God DID see fit to bringing her back to me one last time. We dated again during that fateful summer between my junior and senior years at Indiana University. Andrea had gone to New Jersey to visit her father for a week. I went back to my hometown (I was originally suppose to go with her). We got back the same day. I found in my apartment a warrant out for my arrest. I called the police and they told me that I had better be at the station first thing in the morning or someone would come and get me. I went over to my full-time job and discovered I no longer had one. No explanation was given. I finally got in touch with Andrea on the phone. She wanted to meet with me.

She was at that time in Indianapolis, some 50 miles from Bloomington, where I was at IU. She wanted to meet me at a small town about half-way between us. I pleaded, "Please tell me that you aren't going to end it. I have a warrant out for my arrest and have lost my job. I can't lose you, too." She assured me that she wasn't breaking up. Once more I pleaded, "If you are going to end this, end it now on the phone. Don't make me go on a road trip just to have my heart handed to me." Again, I was assured that she wasn't ending it.

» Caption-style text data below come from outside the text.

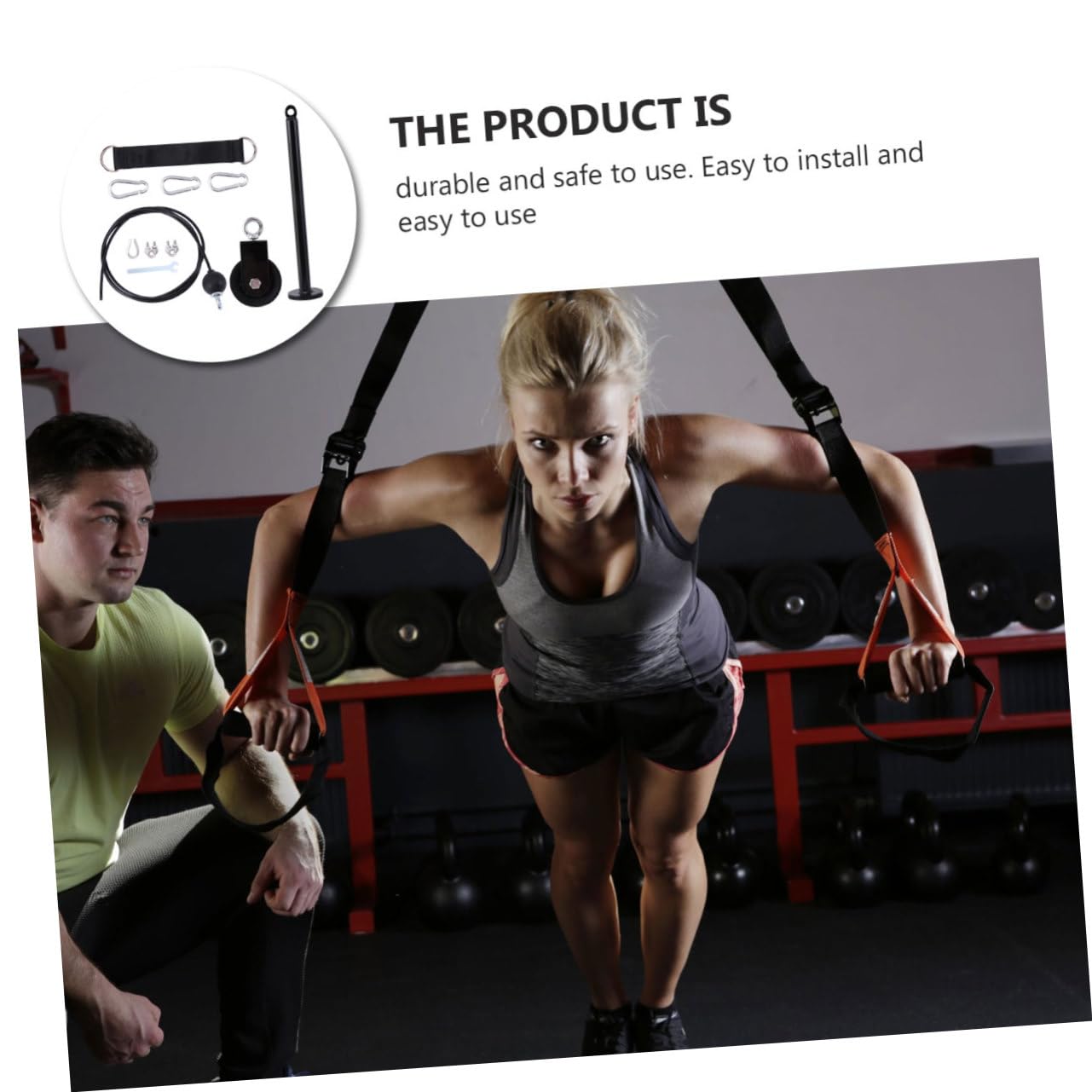 Anneome Kit Fitness Sistema a Carrucole per Allenamento Braccia | Nero in Metallo, Facile da Installare, Soluzione Compatta per Riporre e Usare in Casa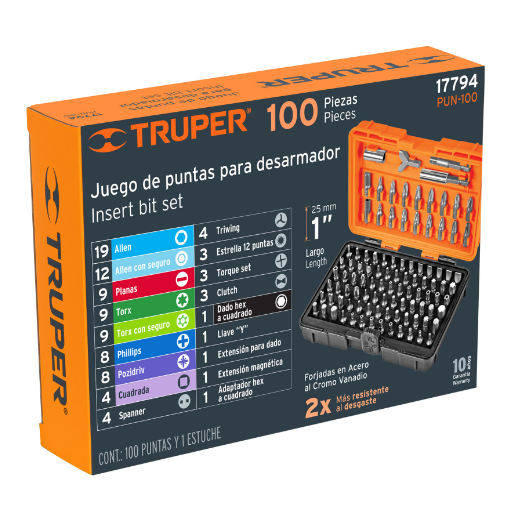 Juego 100 piezas, puntas de desarmador 1", con estuche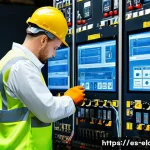 전기공사 기술자 연봉 데이터 분석 - A skilled electrical technician wearing protective workwear and safety gloves, installing complex in...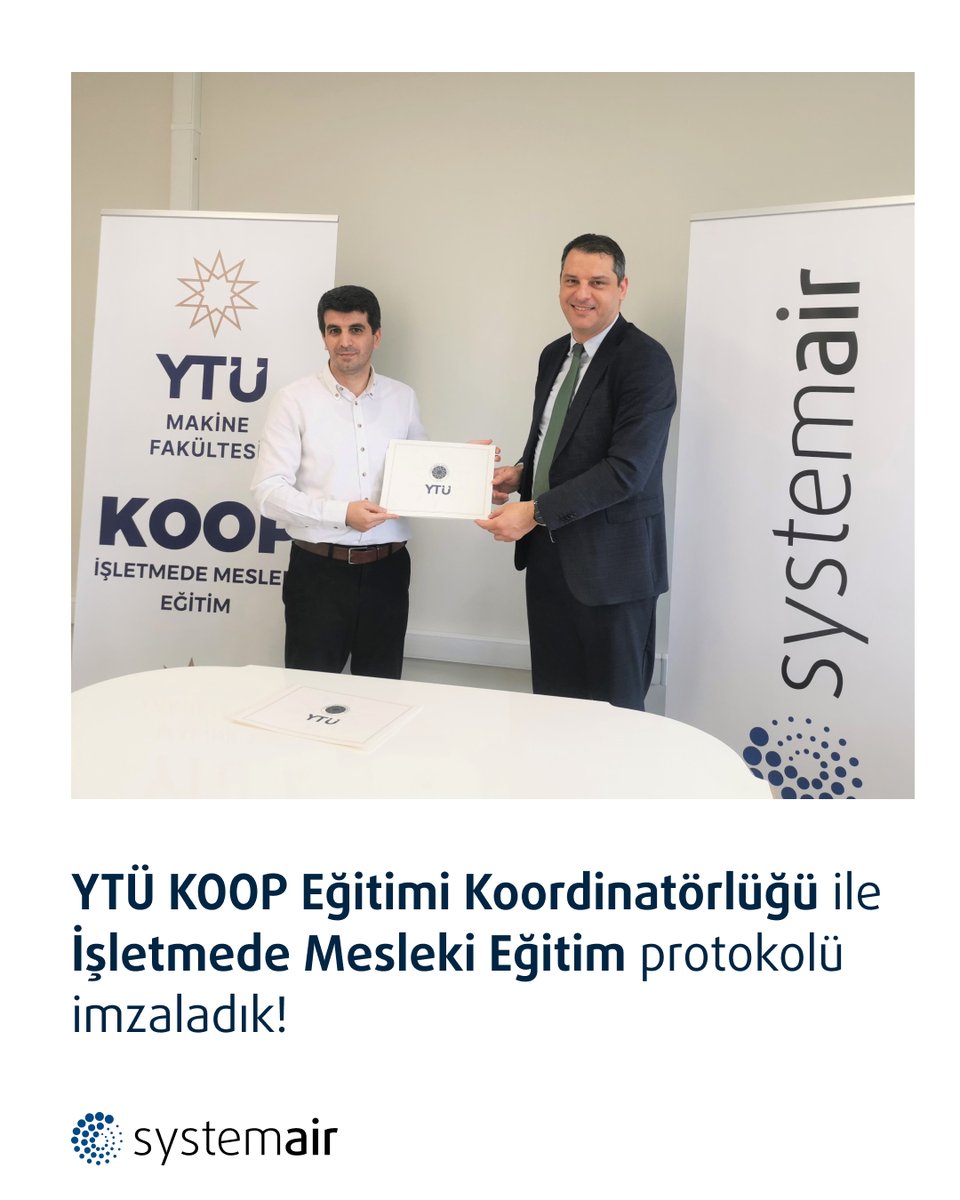 YTÜ Makine Fakültesi Dekanı Prof. Dr. İhsan Kaya ve Genel Müdür Yardımcımız Serkan Gündüz'ün imzaladığı İşletmede Mesleki Eğitim protokolü ile birlikte öğrencilerimizi şirketimiz bünyesinde iş hayatına hazırlayacak ve sektör deneyimi kazanmalarını sağlayacağız.

#systemair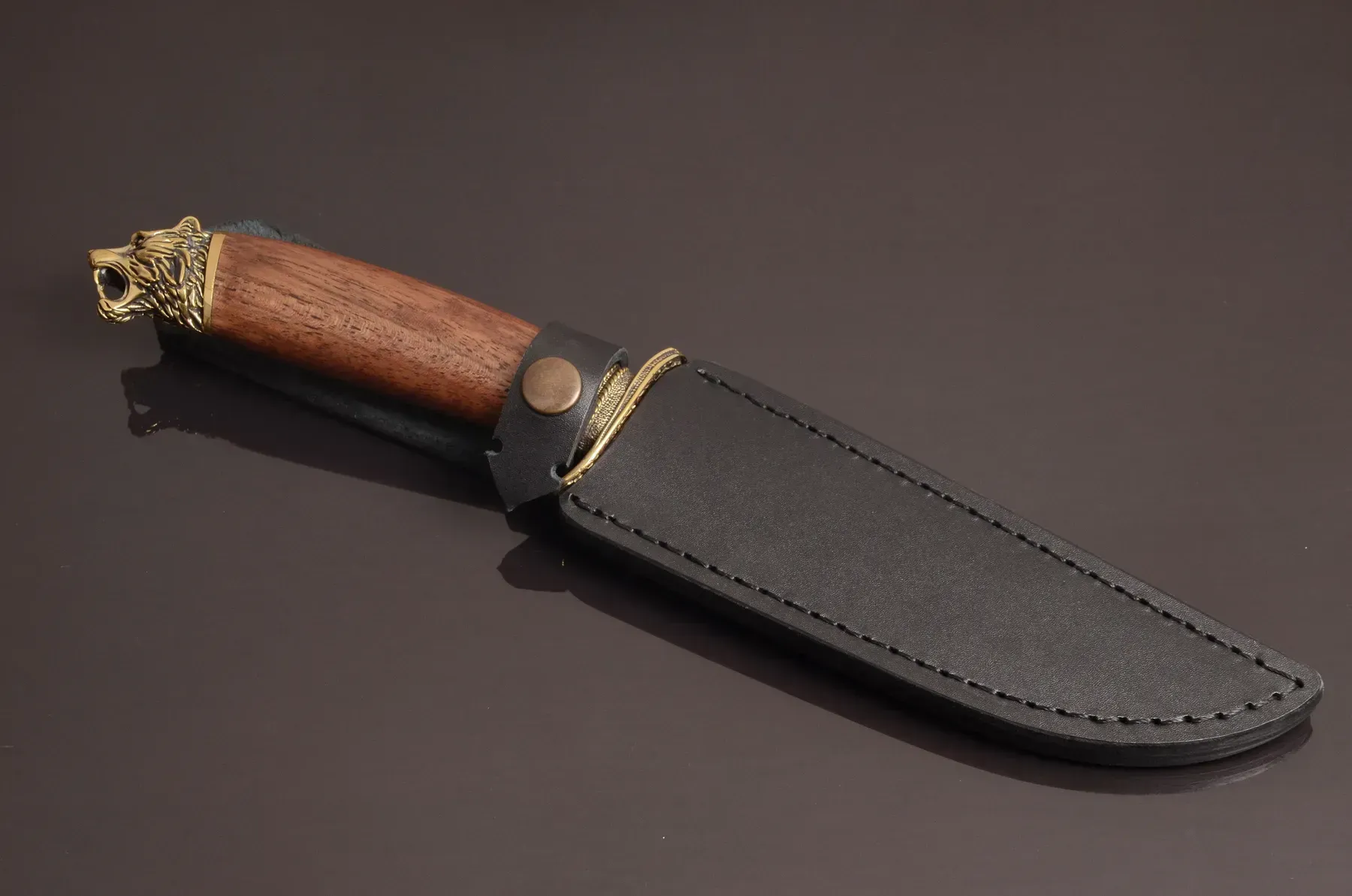 Designer Classic Stainless Steel Knife with Walnut Handle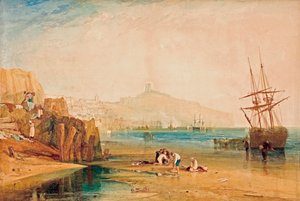 ""Utsikt over Scarborough i tidlig morgen, barn som jager krabber"" Maleri av Joseph Mallord William Turner (1775-1851) rundt 1810 Art Gallery of South Australia Adelaide, Australia av John William Waterhouse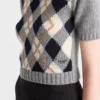 Short-Sleeved Argyle Knit Cashmere Sweater
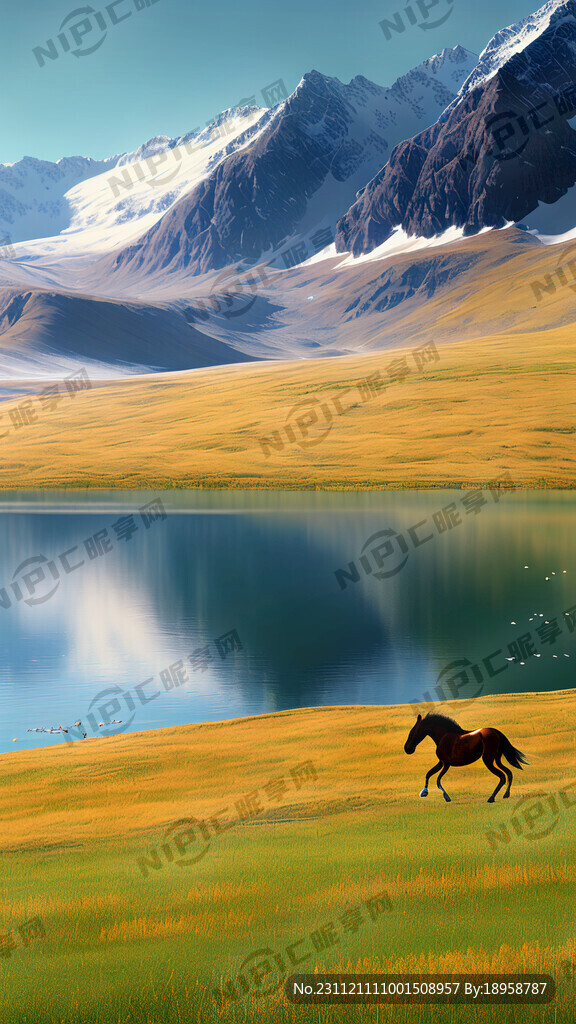 远处的雪山下面有一个湖泊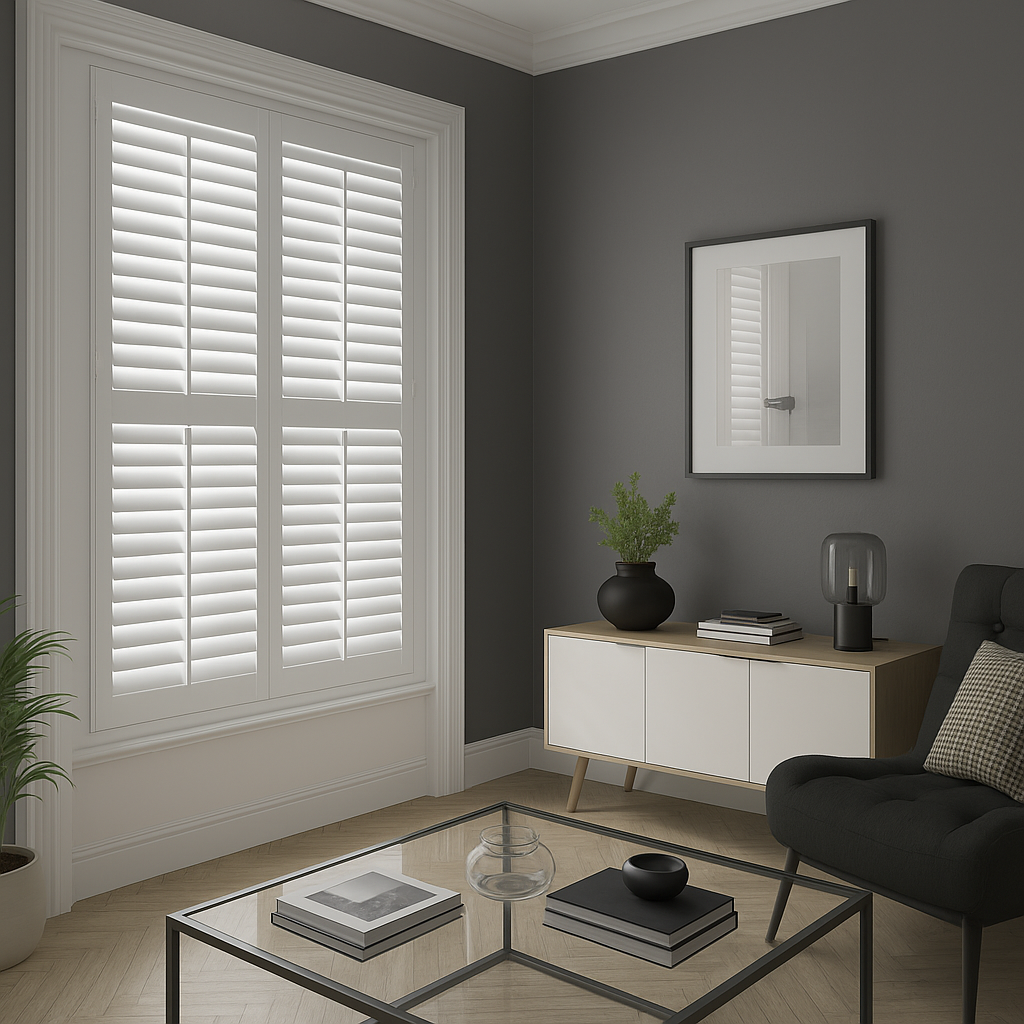 White Full Height Plantation Shutters – Chester White full height plantation shutters installed in a modern Chester living room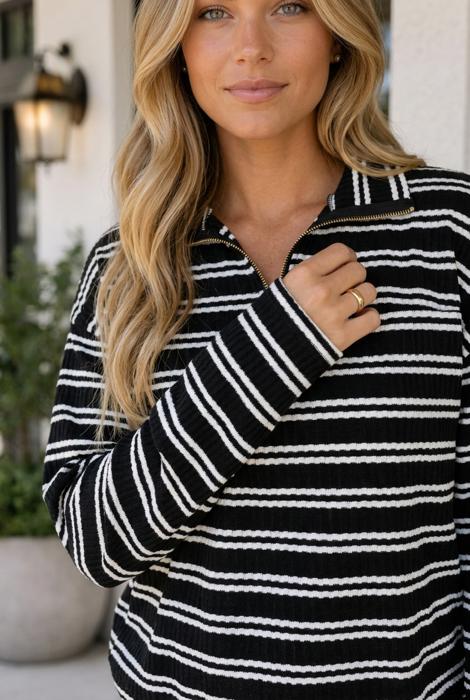 Carol Zip Collar Long Sleeve Top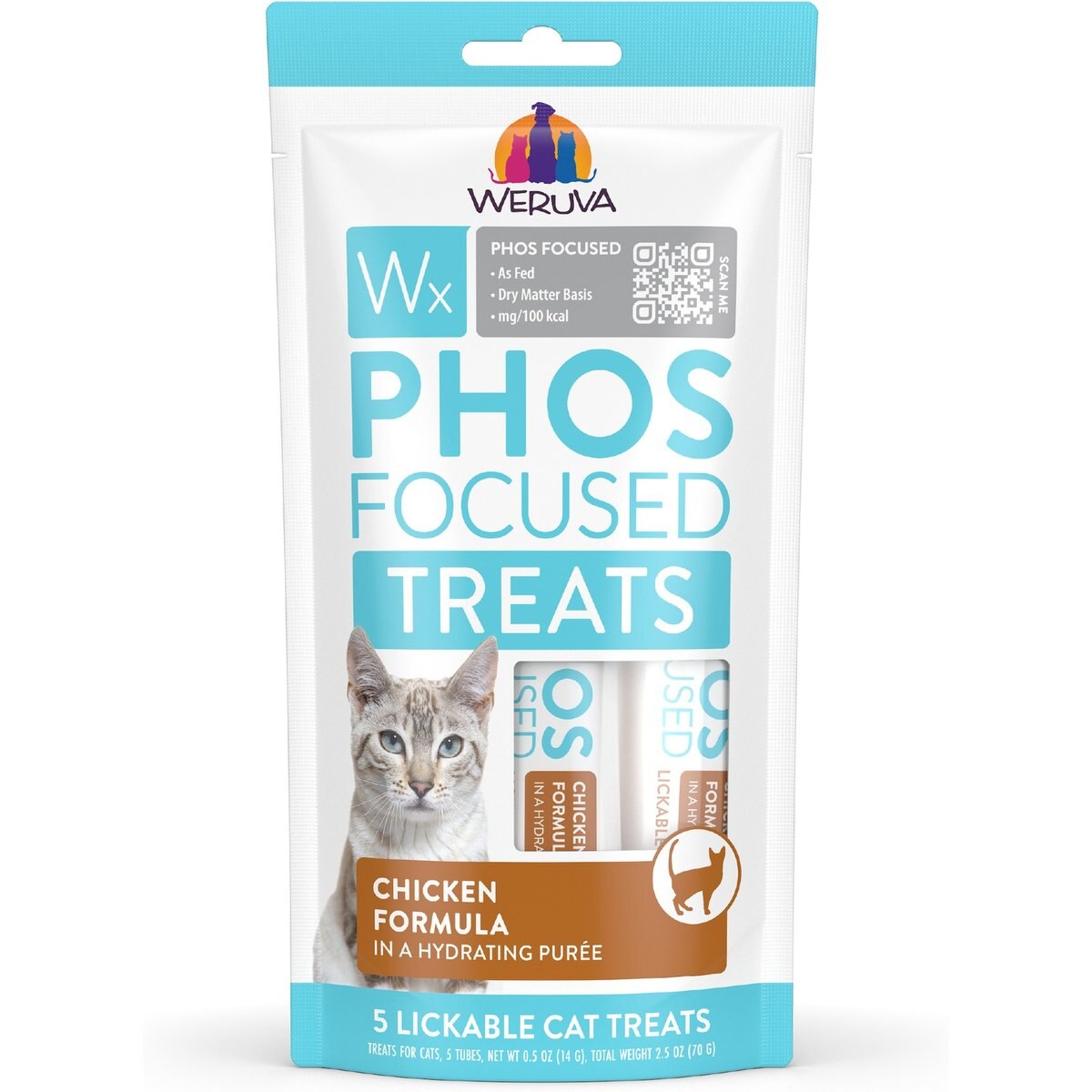 Weruva Wx Phos Focused Chicken Formula Grain-Free Lickable Cat Treats, 0.5-oz tube, 5 count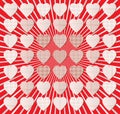 Vector hearts with different universal patterns in bright radial red, gray background. Holiday decorations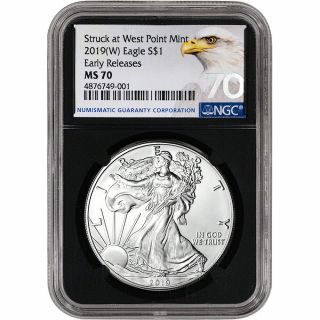 2019 - (w) American Silver Eagle - Ngc Ms70 - Early Releases - Grade 70 - Black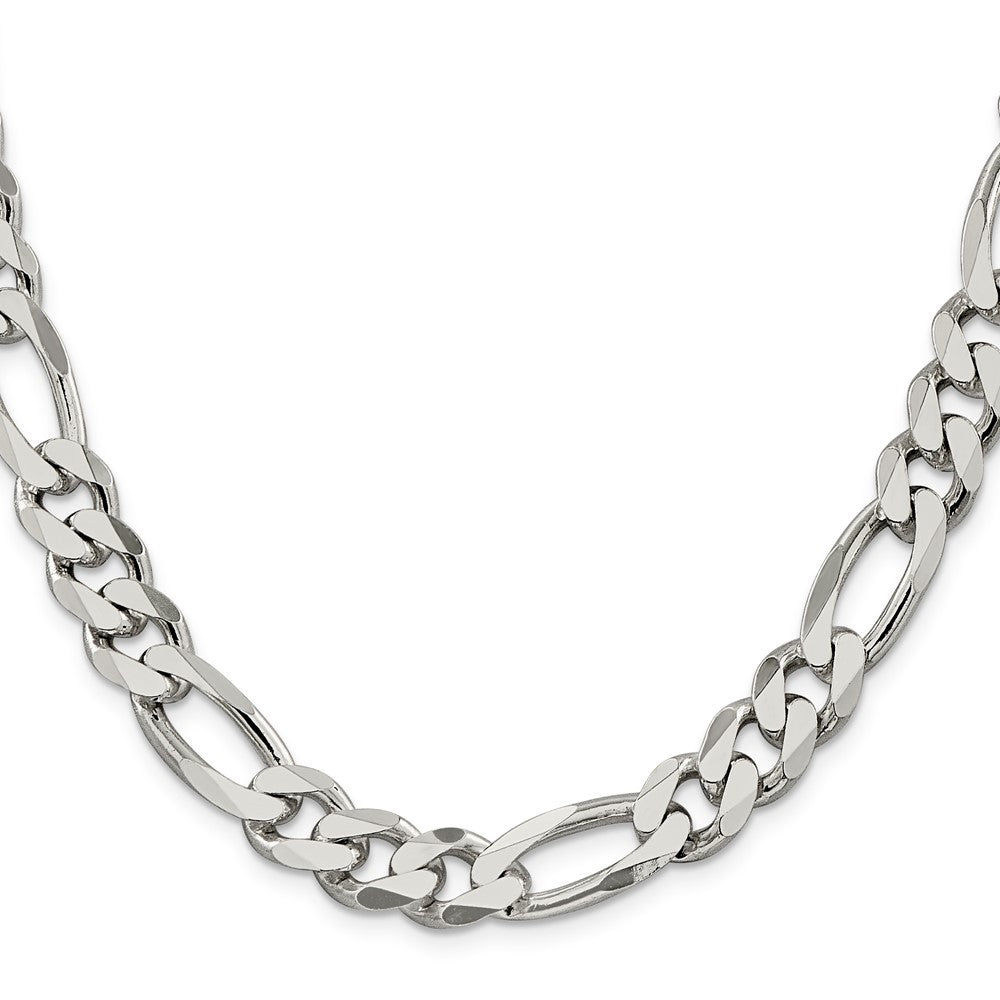 Sterling Silver 10.75mm Figaro Chain 28 Inches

When I got to the parking lot where we met, I immediately saw the look on her face. It revealed that it was over. She confirmed it.

I lost it. I was yelling, waving my arms, asked her why. It surely must have scared her. She had never seen me like that before. I had never seen me like that before. I honestly believed that I wasn't going to make it back to Bloomington alive. I had no incentive. I had officially lost everything.

In all the raving, my mouth uttered, "And I didn't even talk to you about God like I told Him I would." At that very moment, a total peace came over me. It was like I stepped outside of my body, and the Spirit of God stepped into my place. I was a mere spectator as I heard my voice say, "So I am going to tell you about Him right now." The next few minutes, I shared my faith with Andrea, urged her to search for Him further, prayed with her and calmly drove back to Bloomington to face the rest of my problems, totally at peace.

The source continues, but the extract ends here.